■ Records provided
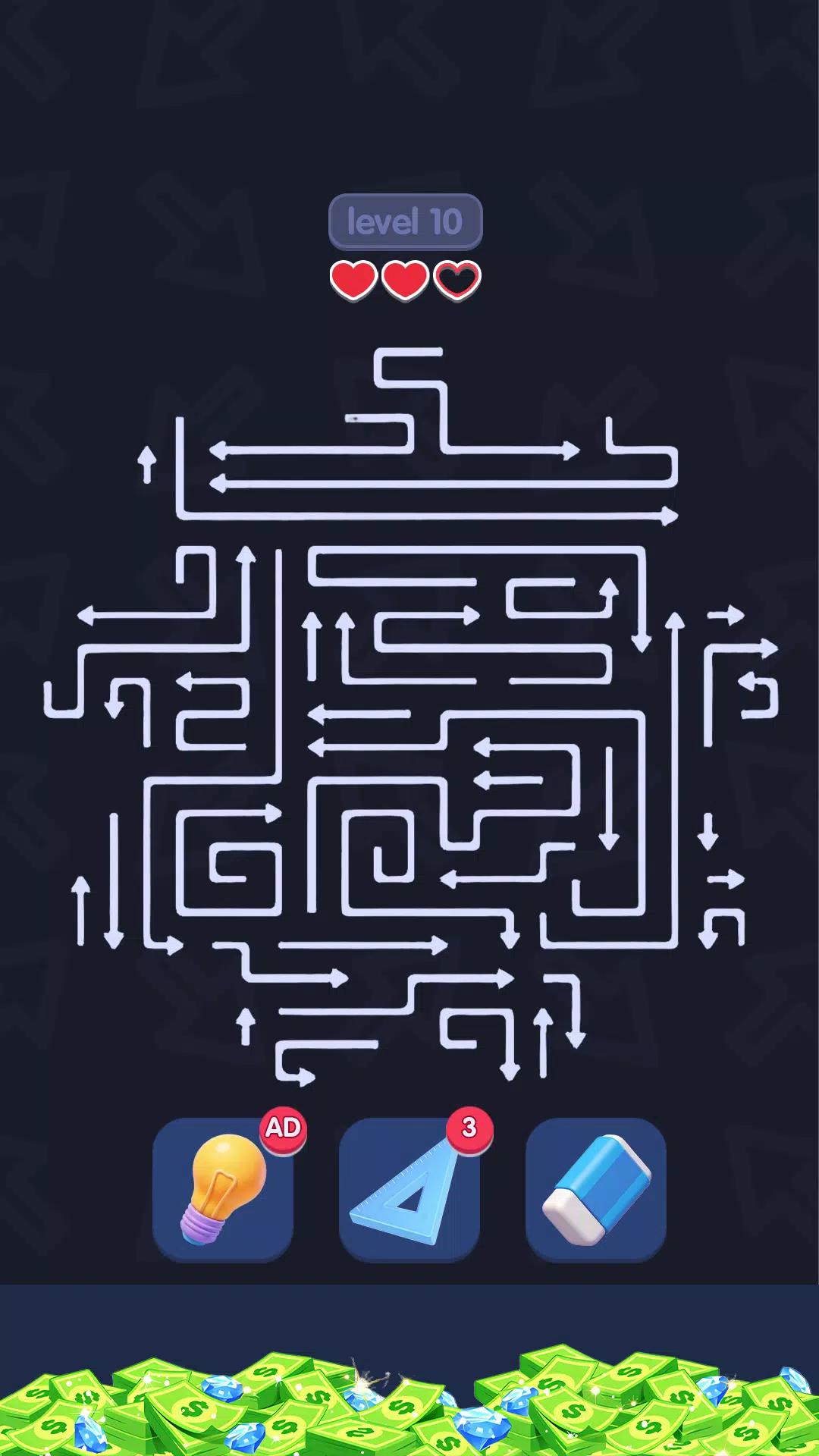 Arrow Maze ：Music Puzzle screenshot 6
---
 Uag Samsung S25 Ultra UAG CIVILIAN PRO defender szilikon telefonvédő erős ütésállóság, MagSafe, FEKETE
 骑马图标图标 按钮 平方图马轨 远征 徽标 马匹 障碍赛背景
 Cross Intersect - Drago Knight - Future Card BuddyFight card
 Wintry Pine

■ Aim of the exercise
Out of the entries above, write out only the lines between the line holding "Uag Samsung S25" and the line holding "Wintry Pine", inclusive, each exactly as given.

■ Output
 Uag Samsung S25 Ultra UAG CIVILIAN PRO defender szilikon telefonvédő erős ütésállóság, MagSafe, FEKETE
 骑马图标图标 按钮 平方图马轨 远征 徽标 马匹 障碍赛背景
 Cross Intersect - Drago Knight - Future Card BuddyFight card
 Wintry Pine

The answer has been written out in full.